Position: VAPT Engineer

Location: Mumbai

Responsibilities:

• Conduct comprehensive penetration testing of systems, applications, and infrastructure, following established testing methodologies and best practices.
• Perform black box, grey box, and white box web application penetration testing to identify vulnerabilities and potential security risks.
• Conduct mobile application penetration testing to assess the security posture of mobile applications.
• Perform API penetration testing to identify vulnerabilities and potential security risks associated with APIs.
• Conduct infrastructure penetration testing to assess the security of network devices, servers, databases, and other infrastructure components.
• Conduct secure code reviews to identify vulnerabilities and provide recommendations for improving code security.
• Perform configuration reviews of various systems, including Windows, Linux, UNIX, Solaris, and databases, to identify security misconfigurations.
• Demonstrate a good understanding of OWASP top ten vulnerabilities and apply appropriate testing methodologies to identify and exploit them.
• Stay updated with emerging threat patterns, compliance standards, and industry best practices related to penetration testing.
• Utilize penetration testing tools and software frameworks such as Kali Linux, Acunetix, AppScan, Nexpose, Qualys Guard, Nessus, Nmap, Metasploit, and Fortify.
• Utilize scripting languages like Shell, Python, PERL, etc., for automating tasks and developing proof-of-concept exploits.
• Collaborate with project teams and clients to understand their security requirements and provide remediation support.
• Prepare comprehensive vulnerability assessment reports, including identified vulnerabilities, potential impact, and recommended remediation measures.
• Conduct report walkthrough discussions and presentations to clients, explaining identified vulnerabilities and their potential impact.
• Actively participate in the security community by attending technical sessions, participating in bug bounty programs, and sharing knowledge and insights.

Requirements:

• Bachelor’s degree in Computer Science, Information Technology, or a related field.
• Minimum of 1-5 years of experience in penetration testing or a similar role.
• Strong understanding of penetration testing process, methodologies, and best practices.
• Knowledge of OWASP top ten vulnerabilities and the ability to apply appropriate testing techniques.
• Familiarity with emerging threat patterns and compliance standards in the cybersecurity field.
• Experience in black box, grey box, and white box web application penetration testing.
• Experience in mobile application and API penetration testing.
• Experience in infrastructure penetration testing, including network devices, servers, and databases.
• Knowledge of secure code review techniques and ability to identify vulnerabilities in code.
• Strong knowledge of TCP/IP, networks, firewalls, IDS/IPS, routers, switches, and network architecture.
• Experience with vulnerability assessment and penetration testing tools such as Kali Linux, Acunetix, AppScan, Nexpose, Qualys Guard, Nessus, Nmap, Metasploit, and Fortify.
• Proficiency in scripting languages like Shell, Python, PERL, etc., for automating tasks and developing proof-of-concept exploits.
• Preferred certifications: OSCP, CEH, GWAPT.
• Excellent communication skills with the ability to present findings, discuss reports, and provide remediation support to clients.
• Active participation in the security community, including technical sessions and bug bounty programs, is a plus.

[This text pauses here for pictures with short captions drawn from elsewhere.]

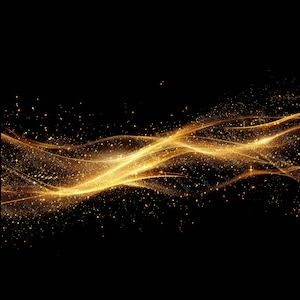 Puede incluir: Fondo abstracto con una ola dorada de luz y destellos sobre un fondo negro.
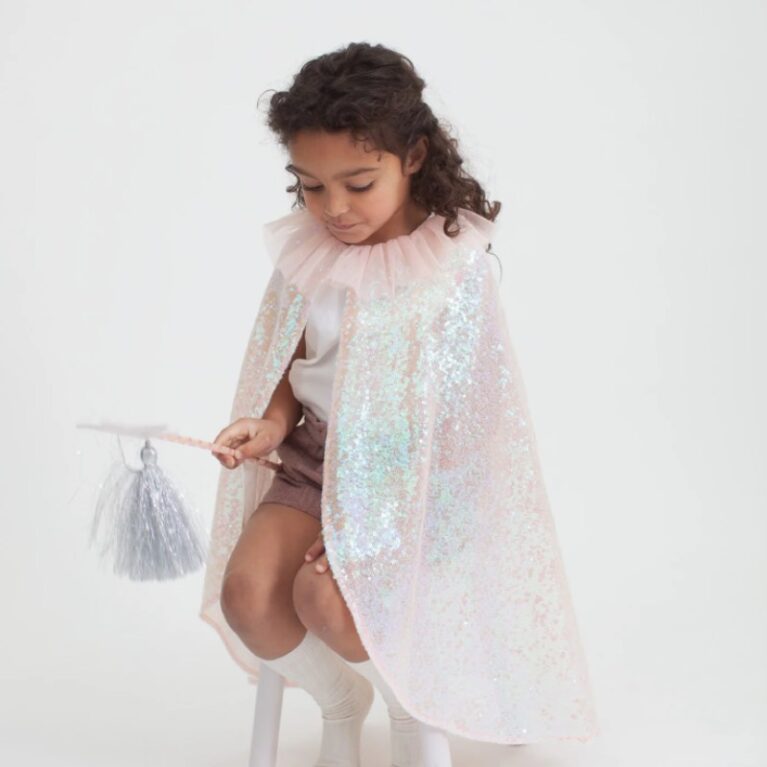 Children&#8217;s Iridescent Sequin Cape Fancy Dress Costume 3-6
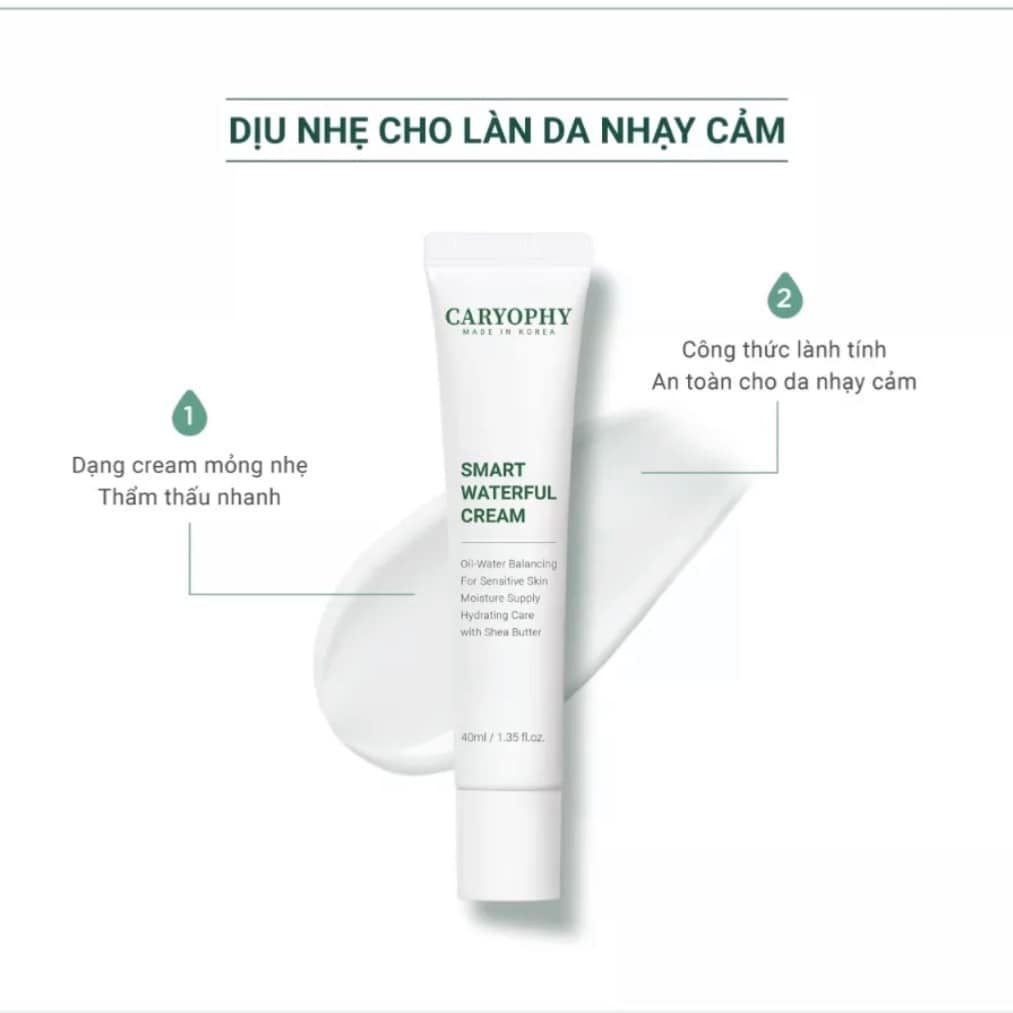 Kem Dưỡng Ẩm Phục Hồi Da & Ngừa Mụn Caryophy Smart Waterful Cream 40ml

Application Process: To apply for this position, please email your updated resume and a cover letter to shwedas@deloitte.com and mthakkar.ext@deloitte.com. In your cover letter, please highlight your relevant experience and qualifications in penetration testing. Only shortlisted candidates will be contacted for further evaluation.

Note: The job description provided above is a general overview and may include additional responsibilities that are not mentioned. The responsibilities and requirements of the role may be subject to change based on the needs of the company.